▶ _WORK REQUIRED_: In the entries below, find each line with the word "Funny" and return it.

[Short descriptive text snippets]
---
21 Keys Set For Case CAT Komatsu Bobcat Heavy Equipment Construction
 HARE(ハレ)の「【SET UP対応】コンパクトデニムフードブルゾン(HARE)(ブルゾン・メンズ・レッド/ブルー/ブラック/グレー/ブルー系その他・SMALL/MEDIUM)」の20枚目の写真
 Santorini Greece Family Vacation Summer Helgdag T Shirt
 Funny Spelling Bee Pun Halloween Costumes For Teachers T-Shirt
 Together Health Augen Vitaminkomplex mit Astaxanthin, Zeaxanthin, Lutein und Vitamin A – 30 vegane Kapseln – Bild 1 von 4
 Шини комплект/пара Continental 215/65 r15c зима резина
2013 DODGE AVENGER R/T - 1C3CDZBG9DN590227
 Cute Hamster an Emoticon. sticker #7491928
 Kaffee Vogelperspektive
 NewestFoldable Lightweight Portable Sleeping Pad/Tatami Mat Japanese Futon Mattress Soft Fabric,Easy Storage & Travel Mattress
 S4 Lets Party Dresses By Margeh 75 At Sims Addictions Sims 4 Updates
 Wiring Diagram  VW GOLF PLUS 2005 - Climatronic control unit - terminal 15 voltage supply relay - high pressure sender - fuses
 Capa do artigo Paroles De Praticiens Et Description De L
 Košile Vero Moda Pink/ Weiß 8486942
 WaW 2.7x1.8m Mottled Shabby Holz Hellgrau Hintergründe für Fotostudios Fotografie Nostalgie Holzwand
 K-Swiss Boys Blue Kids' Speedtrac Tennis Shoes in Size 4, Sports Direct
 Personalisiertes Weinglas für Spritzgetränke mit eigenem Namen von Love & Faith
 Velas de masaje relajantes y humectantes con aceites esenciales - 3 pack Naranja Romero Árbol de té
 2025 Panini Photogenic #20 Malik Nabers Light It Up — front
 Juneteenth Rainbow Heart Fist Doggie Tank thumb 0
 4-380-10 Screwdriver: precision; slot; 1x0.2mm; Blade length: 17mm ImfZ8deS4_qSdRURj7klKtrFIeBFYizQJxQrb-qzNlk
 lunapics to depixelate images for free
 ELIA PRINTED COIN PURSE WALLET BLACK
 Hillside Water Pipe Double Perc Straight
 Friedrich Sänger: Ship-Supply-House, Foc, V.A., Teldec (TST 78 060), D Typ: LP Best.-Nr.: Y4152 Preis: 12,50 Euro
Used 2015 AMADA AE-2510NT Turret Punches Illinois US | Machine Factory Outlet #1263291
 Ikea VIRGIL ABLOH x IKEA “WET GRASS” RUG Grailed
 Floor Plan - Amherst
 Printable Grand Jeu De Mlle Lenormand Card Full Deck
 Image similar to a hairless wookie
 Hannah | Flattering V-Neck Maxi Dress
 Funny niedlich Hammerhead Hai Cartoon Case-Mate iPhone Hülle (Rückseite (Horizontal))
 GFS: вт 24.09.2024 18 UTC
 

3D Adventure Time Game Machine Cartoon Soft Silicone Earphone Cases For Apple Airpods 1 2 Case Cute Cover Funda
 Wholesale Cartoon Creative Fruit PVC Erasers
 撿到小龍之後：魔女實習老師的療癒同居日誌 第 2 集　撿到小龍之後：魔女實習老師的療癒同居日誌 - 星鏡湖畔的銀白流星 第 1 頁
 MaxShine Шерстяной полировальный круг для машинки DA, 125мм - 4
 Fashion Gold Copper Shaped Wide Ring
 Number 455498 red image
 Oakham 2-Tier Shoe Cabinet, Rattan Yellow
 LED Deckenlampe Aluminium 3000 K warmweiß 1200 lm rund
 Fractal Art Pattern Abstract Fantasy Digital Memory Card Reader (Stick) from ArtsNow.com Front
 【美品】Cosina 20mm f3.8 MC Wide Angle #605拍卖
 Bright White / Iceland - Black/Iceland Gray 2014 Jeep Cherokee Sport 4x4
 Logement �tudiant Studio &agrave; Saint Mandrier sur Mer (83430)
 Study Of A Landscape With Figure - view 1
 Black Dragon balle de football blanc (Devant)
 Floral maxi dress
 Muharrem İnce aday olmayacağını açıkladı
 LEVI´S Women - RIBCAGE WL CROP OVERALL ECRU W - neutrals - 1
---
▶ _RESPONSE TO THIS TASK_:
 Funny Spelling Bee Pun Halloween Costumes For Teachers T-Shirt
 Funny niedlich Hammerhead Hai Cartoon Case-Mate iPhone Hülle (Rückseite (Horizontal))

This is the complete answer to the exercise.